**Work instructions**
Starting at the first line of the data, please print exactly those lines through the one that holds "You're passing it", omitting every picture.

**Recorded data**
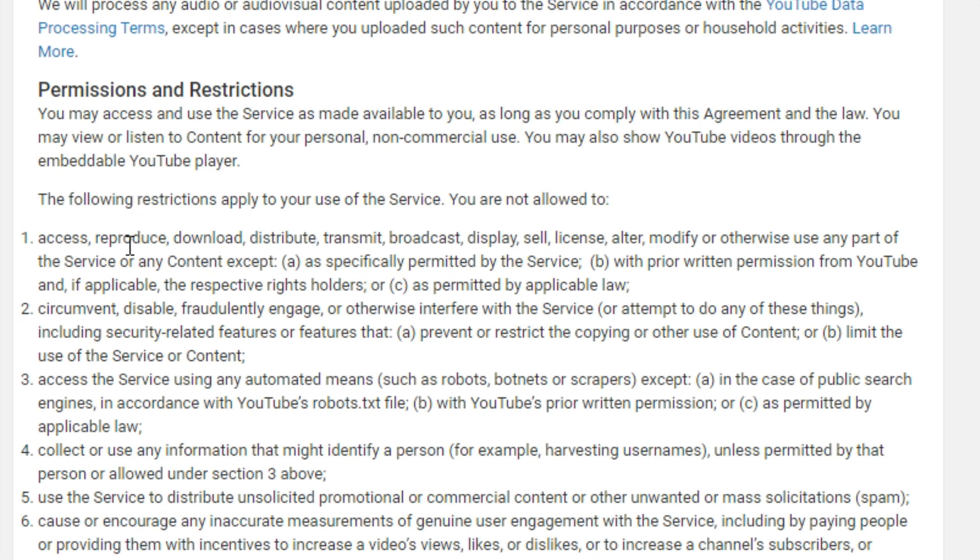So as you can see, essentially you're not allowed to download YouTube videos. So yeah, that's the main thing. Make sure you stick to the YouTube TOS - it's super important, obviously. Otherwise you can lose your account which you obviously do not want.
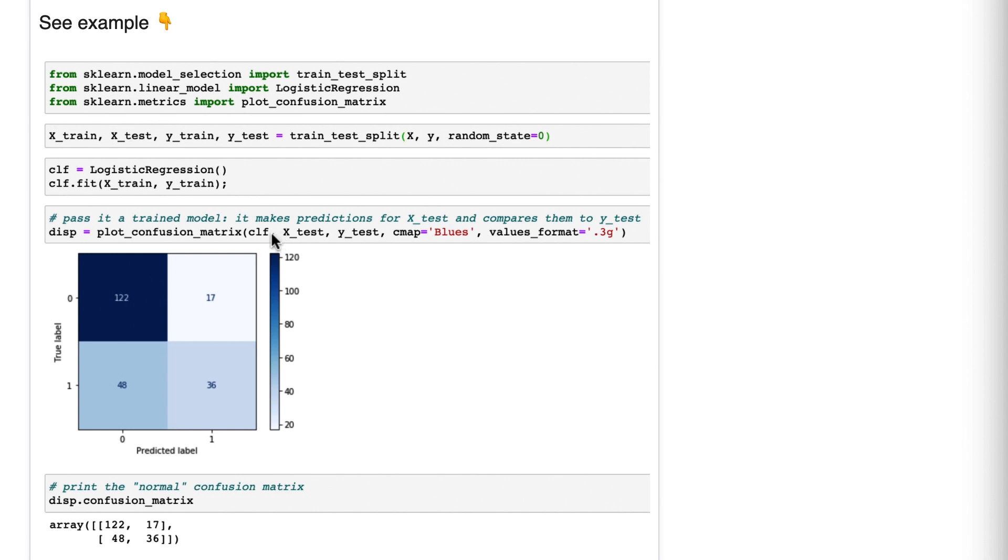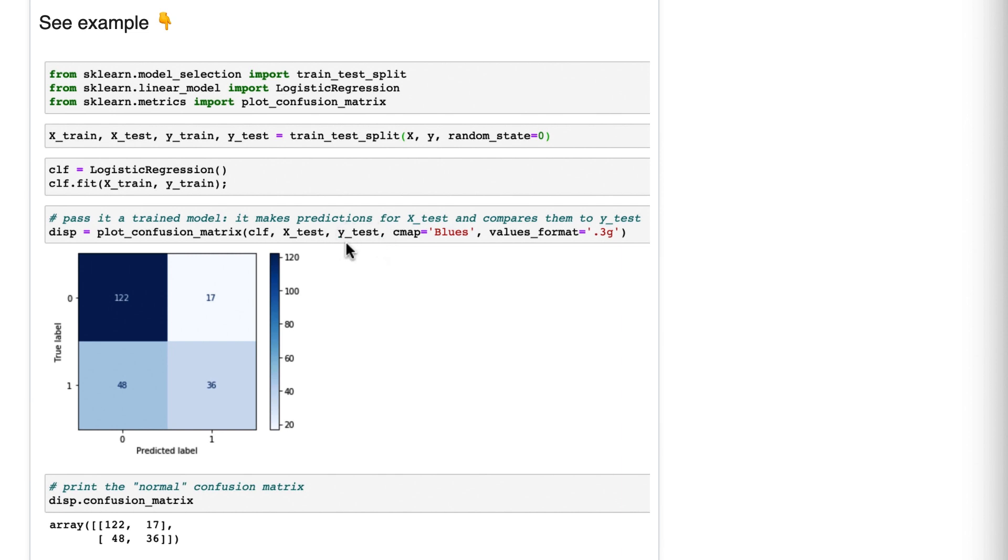You're passing it your fitted model. When you pass it X test, it's going to run clf.predict on X test. And then it's going to compare those predictions to Y test. And that comparison is the basis of the confusion matrix. You'll notice that nowhere in our code did we write clf.predict X test because plot confusion matrix took care of that for us.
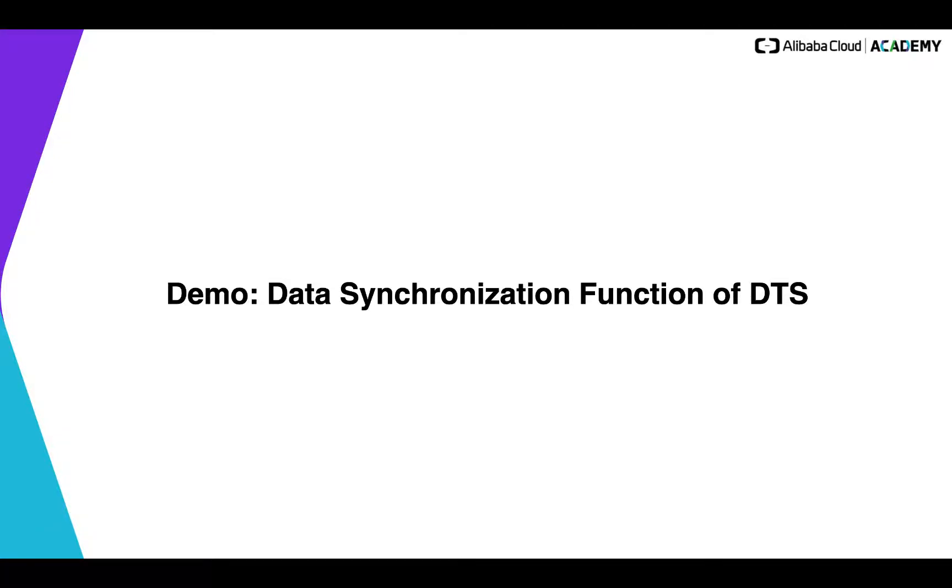Hello everyone. Today we are going to demonstrate one of the major functions of DTS. DTS is Alibaba Cloud Data Transmission Service. So data synchronization is one of the major functions of DTS.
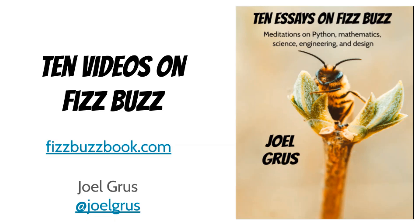And don't forget to check out the book at fizzbuzzbook.com.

**Result for this task**
So as you can see, essentially you're not allowed to download YouTube videos. So yeah, that's the main thing. Make sure you stick to the YouTube TOS - it's super important, obviously. Otherwise you can lose your account which you obviously do not want.
You're passing it your fitted model. When you pass it X test, it's going to run clf.predict on X test. And then it's going to compare those predictions to Y test. And that comparison is the basis of the confusion matrix. You'll notice that nowhere in our code did we write clf.predict X test because plot confusion matrix took care of that for us.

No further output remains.